Marie de Rabutin Chantal, marquise de Sevigné, was 70 years old when she died, 300 years ago, in April of 1696. She lived in what is called the century of Louis XIV, so well described by Voltaire: “It was a time worth the attention of times to come, when the heroes created by Corneille and Racine, Moliere’s characters and Lulli’s symphonies spoke to Louis XIV, to Madame -so celebrated by her refined taste- to Condé, Colbert, to all those men superior in every sense. No other time will be found in which the Duke de la Rochefoucauld, the author of the Maximes, after conversing with Pascal, attended a play by Corneille”. The glory of France pervades the century; two great politicians, Richelieu and Mazarin, lay the foundations for Louis XIV’s absolute monarchy, supported by the great bourgeoisie. The court at Versailles is the center of attention, ambition and talent. Modern French is born and the French Academy founded (1635); its first dictionary is published in 1694. It is the time of Racine’s and Corneille’s classical theater, Moliere’s satirical plays, the janseniste Pascal’s philosophical Pensées, La Fontaine’s fables; Descartes’ Discours de la Méthode brings order and logic into the minds of men. The literature and ideas from France that inundated the European world of that time still live among us.

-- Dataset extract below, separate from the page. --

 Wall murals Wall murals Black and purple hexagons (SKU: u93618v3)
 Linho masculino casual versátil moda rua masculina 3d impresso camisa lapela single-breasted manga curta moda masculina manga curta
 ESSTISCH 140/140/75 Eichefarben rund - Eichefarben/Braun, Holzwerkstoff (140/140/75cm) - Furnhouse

¿What was the talent of this aristocrat, the marquise de Sevigné, that allowed her to glow among men of genius? She is not the only one of her sex; it is a time when women shine with their own light or reflect other people’s; in their salons and reunions, Mme. de Rambouillet and Mlle. de Scudéry bring together the wits of men who excel in politics and art. Moliere will later criticize this type of gathering in Les Precieuses Ridicules; but at best, they stimulate culture and act as a refining element of society and the minds of the epoch.
Mme. de Sevigné deserves a special mention among these women, doyennes of intellectual elegance. She outshines them; her talent does not belong with preciosisme, that mundane effort towards social preeminence and frisky witticism. Orphaned in childhood, Marie de Rabutin Chantal profited from an unusual upbringing, cultivated and independent, under the care of her uncle and tutor, the abbé de Livry. She was fortunate enough to become a widow at 25; her husband was killed in a duel fought over the favors of a lady known as la belle Lolo. Mme. de Sevigné finds herself young, rich and free. She is the mother of two beautiful children, Charles and Francoise, whom she idolizes. Francoise is as attractive as her mother, so much so that she allows herself to snub the king. In the salons, Mme. de Sevigné is a rival for the doyennes, she seduces politicians and intellectuals; when the hectic life of the salons becomes too demanding, she takes refuge in her country estate.
Her literary work takes the form of letters, mostly written to her daughter after her marriage and her departure from home. “It seemed as if my body and my soul were torn off...every single thought made me wish for death”, she writes on the day after her departure. Nearly 1,500 letters are kept, written by this mother who adores her daughter; we find in them not only motherly love but a chronicle of her times as well. Mme. de Sevigné has the eye of a reporter when describing the drama of court intrigues, the anecdotes of everyday life. She is witty and scintillating in her portraits of the king’s favorites, the ministers, the women. One of the reasons why we may find it difficult to read her work today are the many popular proverbs and expressions she uses; she can nevertheless be deeply literary. In a letter she regrets the fact that her son has devastated a tract of woodland for money: “To dare destroy all this life, all this beauty of the woods, this ancient abode of mystery and daydreaming”...
The process of development lies in the talent and effort of the women of our time and the legacy of those who have made history; those who dared defy the barriers of their time in order to grow; those who trusted their own intelligence and listened to the voices of their creative talent. Mme. de Sevigné is representative of these women, a writer capable not only of portraying her epoch but of exploring her inner self. A dedicated mother, she turns her love into literature; family life does not prevent her from taking part in the world around her. Young in heart and spirit, the innate joy she pours into her letters makes them a delightful means of understanding her contemporaries. She trusts her own mind enough to pass judgment on Racine -then at the top of his glory- or to express her admiration for Pascal. There is a touch of black humour to her writing; she describes thus the scene of a fire: “If one could bring oneself to laugh over such an unfortunate happening, one could paint such portraits of the circumstances in which we found ourselves! Guitaut was nearly naked, in his nightshirt and shorts; Mme. de Guitaut’s legs were bare, and she had lost one of her slippers”. We find no preciosisme in this paragraph; it comes nearer to the mocking tone of Voltaire.